## TASK DIRECTIONS
When you reach the line containing "Декор Kerama Marazzi" in the records below, start copying exactly, and stop once you have copied the line containing "New 2026 Audi".

## DATA SHOWN
========

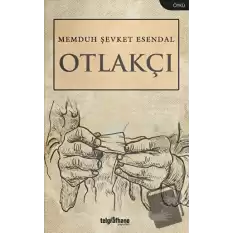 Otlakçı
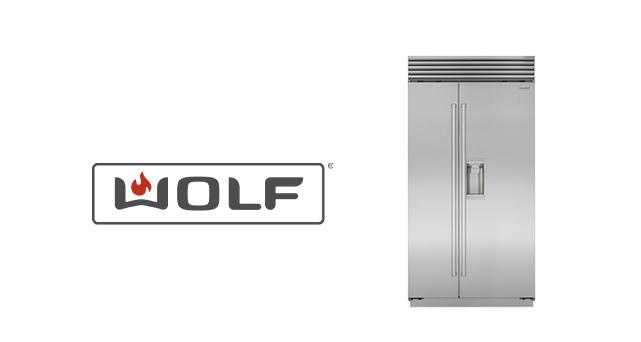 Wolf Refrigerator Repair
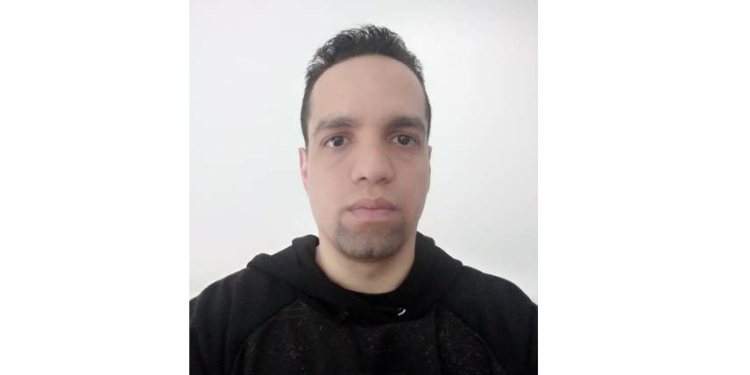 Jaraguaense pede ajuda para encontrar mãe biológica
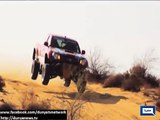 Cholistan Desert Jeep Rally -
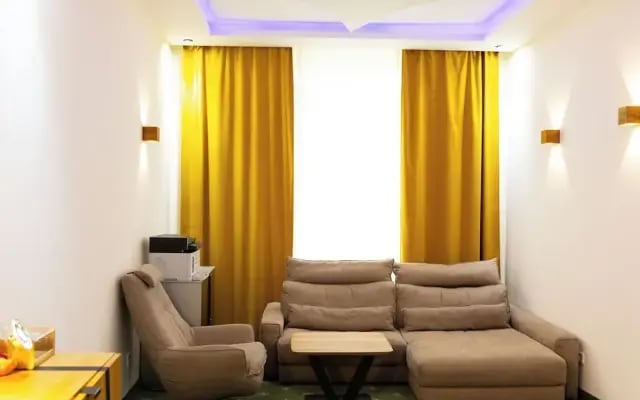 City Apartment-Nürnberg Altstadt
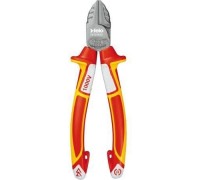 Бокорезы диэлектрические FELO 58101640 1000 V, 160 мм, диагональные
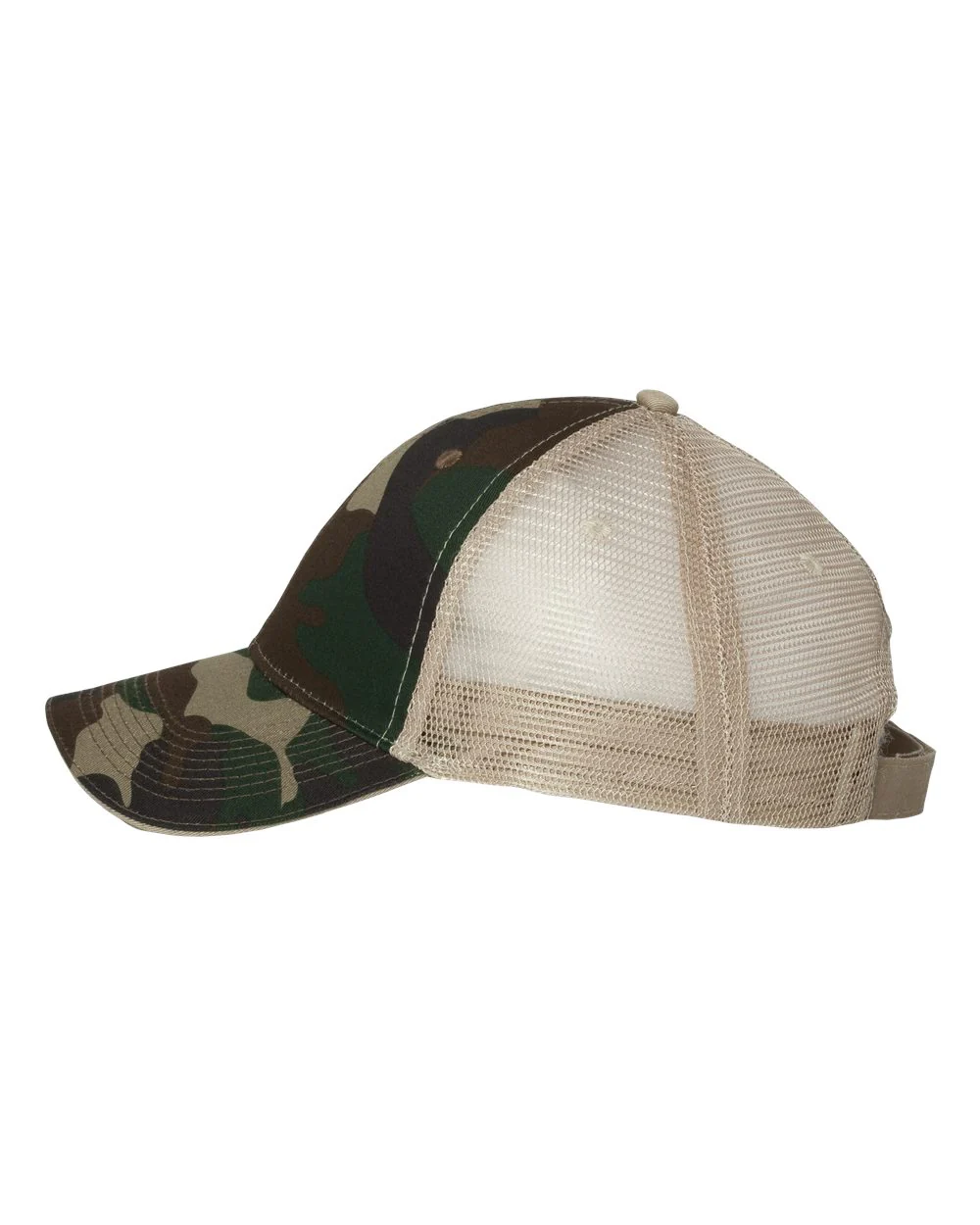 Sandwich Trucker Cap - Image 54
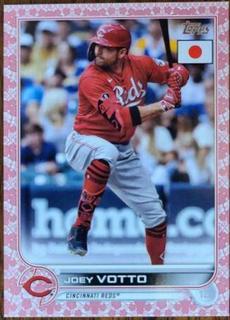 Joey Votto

========

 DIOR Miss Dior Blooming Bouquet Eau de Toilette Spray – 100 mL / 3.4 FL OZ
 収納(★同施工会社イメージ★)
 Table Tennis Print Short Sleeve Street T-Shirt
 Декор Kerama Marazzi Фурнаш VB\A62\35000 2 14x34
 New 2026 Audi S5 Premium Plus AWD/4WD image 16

========

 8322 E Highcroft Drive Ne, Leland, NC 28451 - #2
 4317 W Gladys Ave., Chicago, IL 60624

========

## THE COMPLETED TASK
 Декор Kerama Marazzi Фурнаш VB\A62\35000 2 14x34
 New 2026 Audi S5 Premium Plus AWD/4WD image 16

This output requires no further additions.